During the 2015 debate on the Houston anti-discrimination ordinance, Governor Greg Abbott was among those calling for its repeal based on the idea that there should be no men in women’s restrooms—in his mind, that meant transgender women. But during this year’s legislative debate over whether to limit access to bathrooms in government buildings to the gender listed on a person’s birth certificate, the governor has avoided the heat of the debate until Tuesday.
In a statement to the Texas Tribune, Abbott expressed support for HB 2899 by Representative Ron Simmons, a Carrollton Republican. Unlike the legislation passed by the Senate, which specifically focuses on a line on a birth certificate, Simmons’ bill simply overturns local anti-discrimination ordinances.
“I applaud the House and Senate for tackling an issue that is of growing concern to parents and communities across Texas who are now looking to the Legislature for solutions,” Abbott said in the statement. “Rep. Simmons is offering a thoughtful proposal to make sure our children maintain privacy in our school bathrooms and locker rooms.”

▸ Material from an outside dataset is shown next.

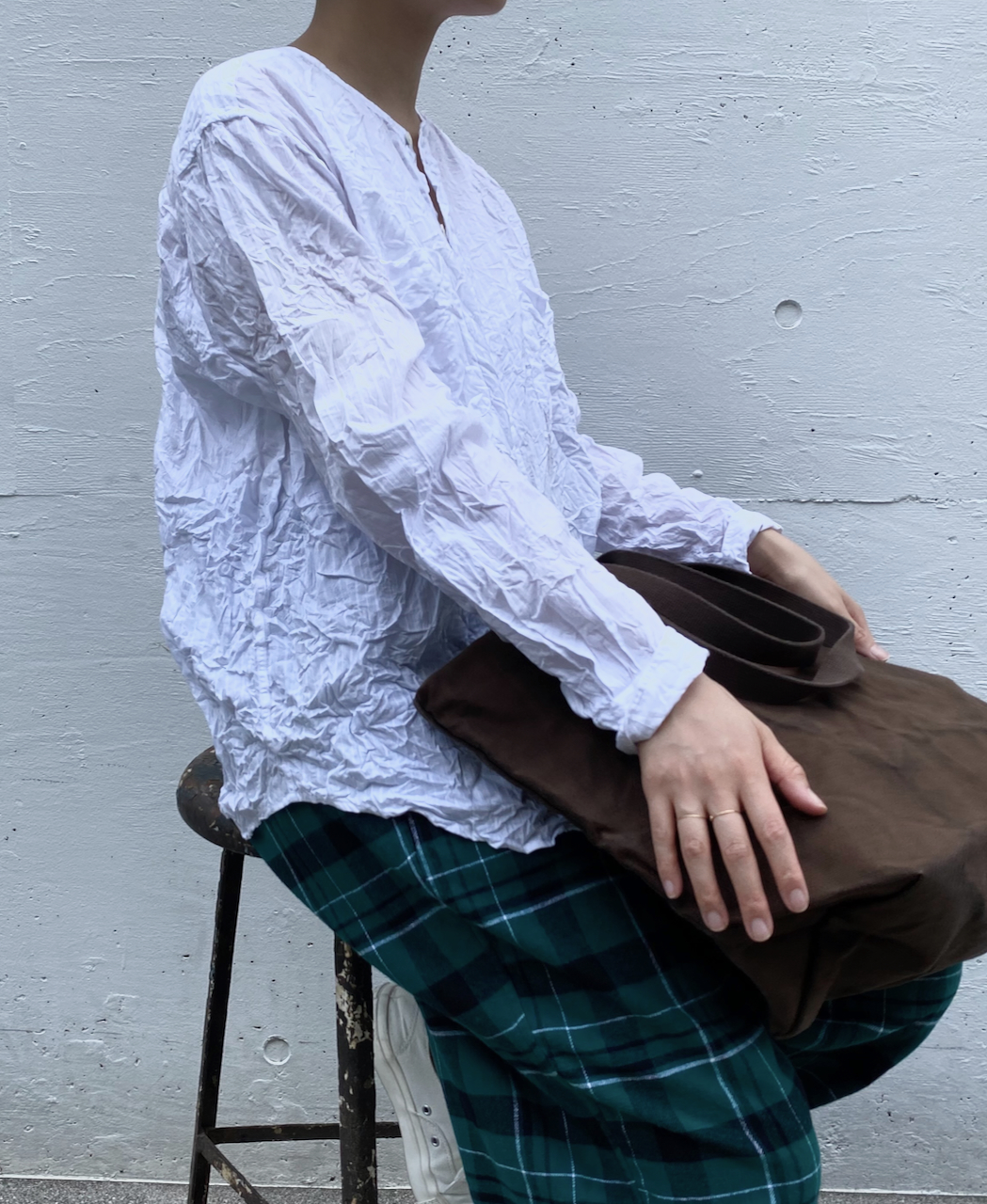 NVL2311DSW (シャツ) 40'S POPLIN DOBIE STRIPE CREW-NECK L/SL OVERSIZED SHIRT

Soon afterward, Abbott added on his Twitter account: “I support the principles of both the Senate & House to protect privacy in bathrooms. We will work to get a bill to my desk.”
— Greg Abbott (@GregAbbott_TX) April 18, 2017
The Dallas Morning News reported on Monday that the language of the bill not only would overturn local ordinance protections for the LGBT community, but also protections for the elderly and military veterans.
Simmons’ bill would forbid cities, counties and school districts from passing regulations affecting bathroom use for any class of people who aren’t already protected in state or federal law. This means any city that’s extended its public accommodations laws beyond race, religion or national origin would not be able to enforce these rules when it comes to bathrooms.
Fort Worth and Austin have both added “age” as a protected class. If the House bill passes, neither city would be able to defend an elderly person who claims they were denied access to a shower or other intimate facility because of their age…
San Antonio added veterans as a protected class three years ago, the same time they extended their anti-discrimination laws to the LGBT community. City officials said they would be unable to enforce those protections if the bill becomes law.
House Speaker Joe Straus has publicly opposed the Senate bill, and his spokesman Jason Embry, when asked about the Simmons’ bill, said that the speaker’s position had not changed.
Major businesses and professional and amateur sports organizations have expressed concern that the Senate legislation is discriminatory. The National Collegiate Athletic Association has indicated it might pull the Final Four basketball tournament in 2018 out of San Antonio if Senate Bill 6 passes. Simmons’ bill is supposed to have a hearing in House State Affairs on Wednesday.